Astrobe Config Files

Again, there are two config files in the rp2350-secure directory, for the Secure and Non-secure programs, respectively. They are the same as used in Part 3, with one change:

  • Address specs for the Non-secure program:
    • CodeStart = 10400000H, CodeEnd = 010480000H (512k)

In Part 3, CodeStart was 10400100H, ie. with 256 bytes reserved for the IMAGE_DEF data. We don't need this using picotool, see below.

Build

  • Compile and link the Secure program S.mod with the respective config file.
  • Run gen-secure in directory s as follows:
> python -m gen-secure make s0.lst 010001890 010800000

where 010001890 is the absolute address of module S0.mod, read from map file S.map. With possible changes in the library modules as found in the repo as you read this, this value may be different. 010800000 is the virtual address of the NSC image with address translation. gen-secure takes the addresses as issued by the processor upon instruction fetch.

This creates (see Part 2) the NSC binary NSC_S0.bin in directory s, and the Non-secure gateway module NS_SO.mod in directory ns:

MODULE NS_S0;
(* generated, do not edit *)
(* Secure module: S0 *)
(* NSC veneer address: 010800000H *)
IMPORT SYSTEM;
PROCEDURE* ToggleLED*(led: INTEGER);
BEGIN
SYSTEM.EMITH(0B001H); (* add sp,#4, fix stack *)
SYSTEM.EMIT(0F8DFB004H); (* ldr.w r11,[pc,#4] *)
SYSTEM.EMITH(04758H); (* bx r11 *)
SYSTEM.ALIGN; (* word alignment *)
SYSTEM.DATA(010800001H); (* nsc target address *)
END ToggleLED;
END NS_S0.
  • Compile and link the Non-secure program NS.mod with the respective config file.
  • Create the UF2 file for the Secure program by running, in directory s:
> python -m make-uf2 rp2350 s.bin
  • Upload the three images by running, in this order, with the RP2350 in BOOTSEL mode:

In directory ns:

> picotool load -v -p 1 ns.bin

Note that we directly upload the .bin file, no need for an UF2.

In directory s:

> picotool load -v -p 2 nsc_s0.bin
> picotool load -v -x -p 0 s.uf2

The RP2350 will restart and run the Secure and eventually the Non-secure program.

Bottom Line

There we have it, a pure TrustZone implementation, simple and straightforward one-to-one procedure calls from NS to S code. No dispatch handler, no lookup table, no parameter weirdness.

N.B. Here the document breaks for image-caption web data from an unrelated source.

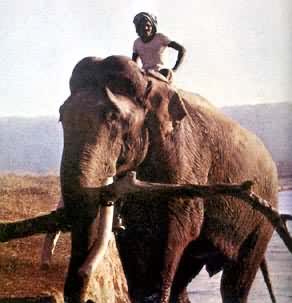 东洋界动物亚洲象，产于印度等地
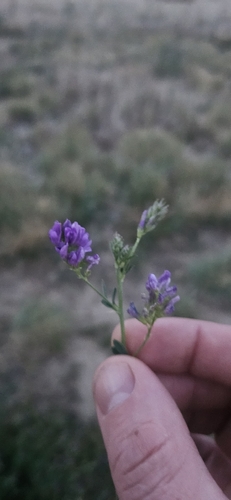 Alfalfa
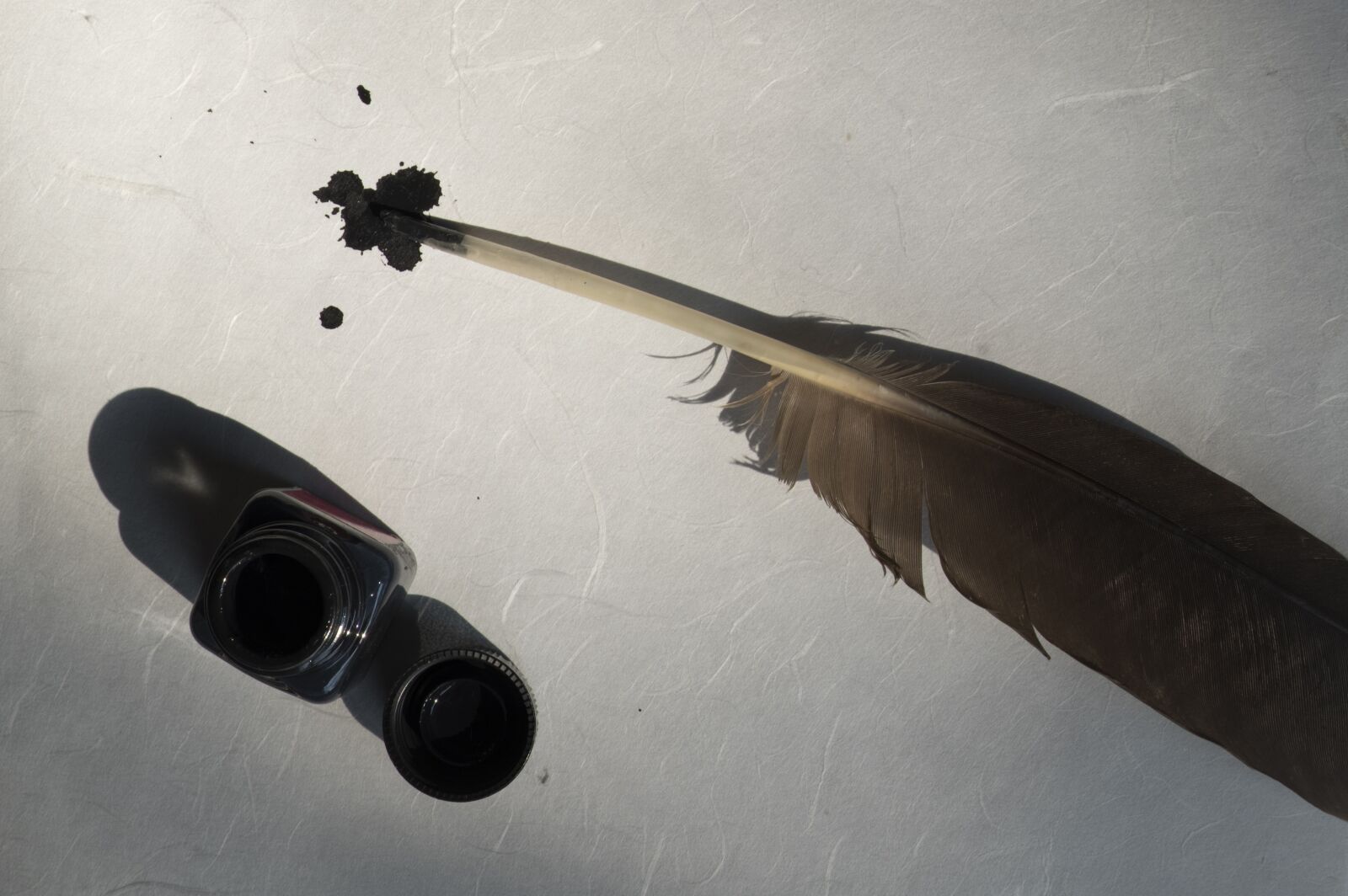 Fujifilm XF 18-55mm F2.8-4 R LM OIS sample photo. Bird feather, feather, paper photography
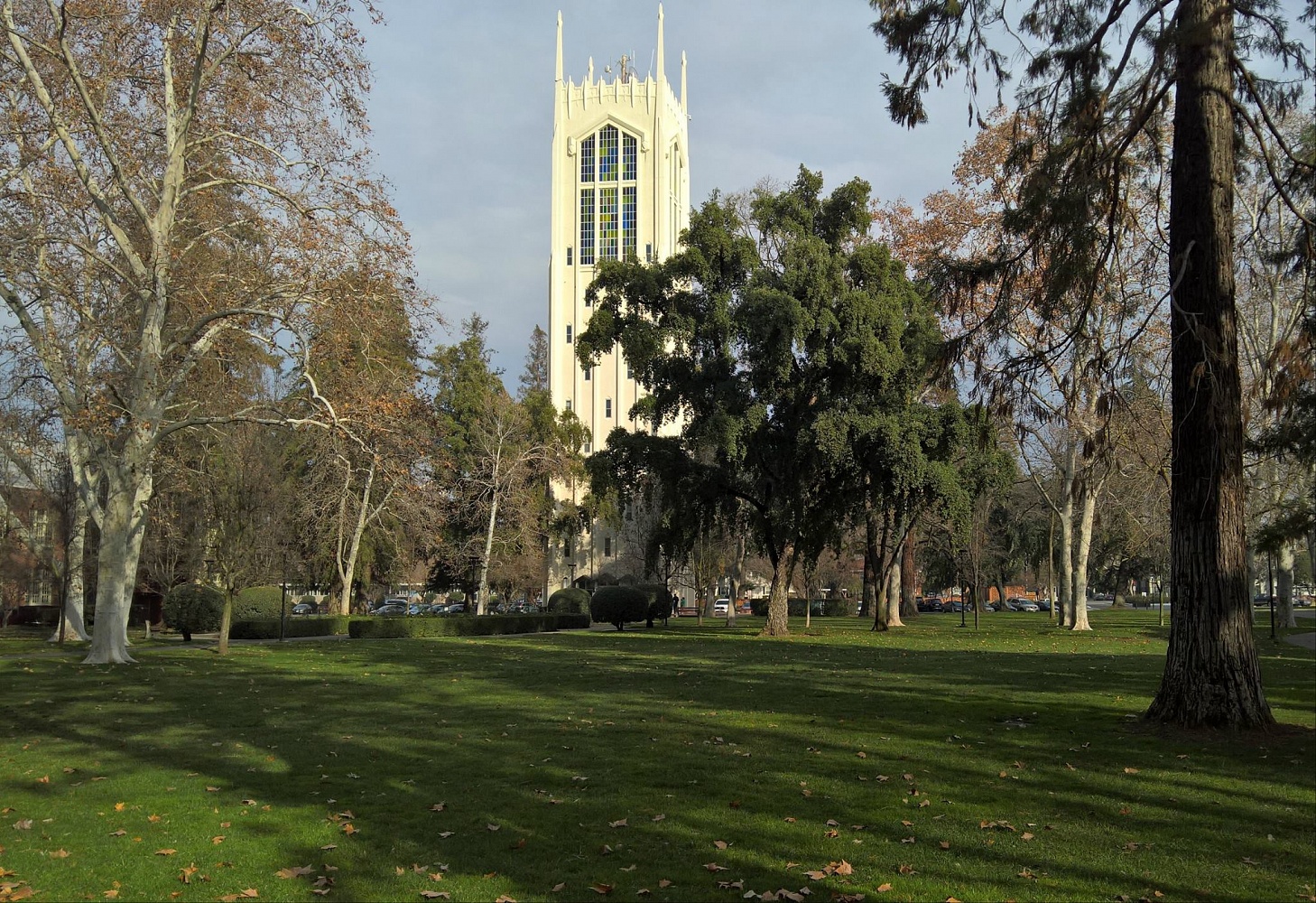 University of the Pacific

Going forward, I will use this implementation on the RP2350. I'll leave the current functionality for the bootrom-based solution in module Secure though. For now.

Now I can focus on the open points listed in Secure/Non-secure Part 2 – implementation (STM32), with the same Secure/Non-secure concepts and implementation on the RP2350 and the STM32 MCUs.

Phew.

Repository

  • lib/v3.0 <repo>/examples/v3.0/rpi/pico2

  1. I'll need to check if we even need UF2 files in general. The metadata could possibly be added directly to the .bin, if we use picotool for uploading. ↩︎

Last updated: 13 February 2026